◆ Task prompt
Using the data below, return the stretch from the line that contains "Chrysler Pacifica Select FWD 2026" through the line that contains "Large 165-m² apartment", both included, exactly as it stands and nothing beyond it.

[Opening Supplied records section]

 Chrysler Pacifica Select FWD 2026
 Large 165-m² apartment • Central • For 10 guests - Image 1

[Closing Supplied records section]
[Opening Supplied records section]

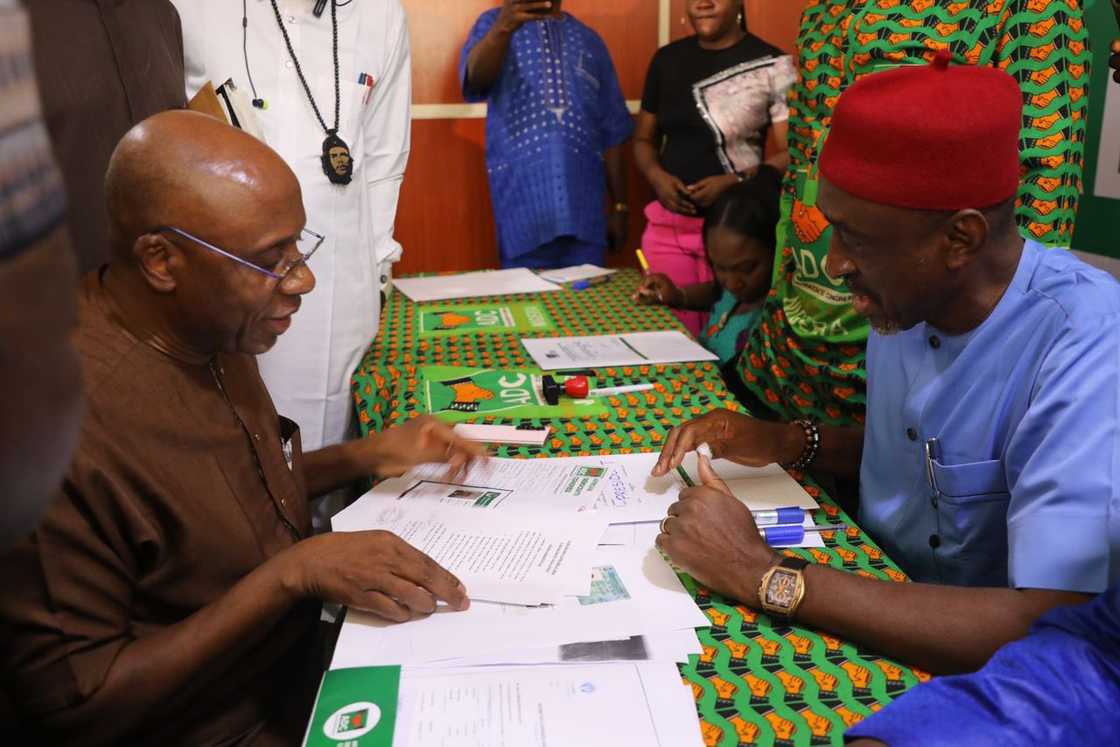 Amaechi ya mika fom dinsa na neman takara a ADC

[Closing Supplied records section]

◆ Expected answer
 Chrysler Pacifica Select FWD 2026
 Large 165-m² apartment • Central • For 10 guests - Image 1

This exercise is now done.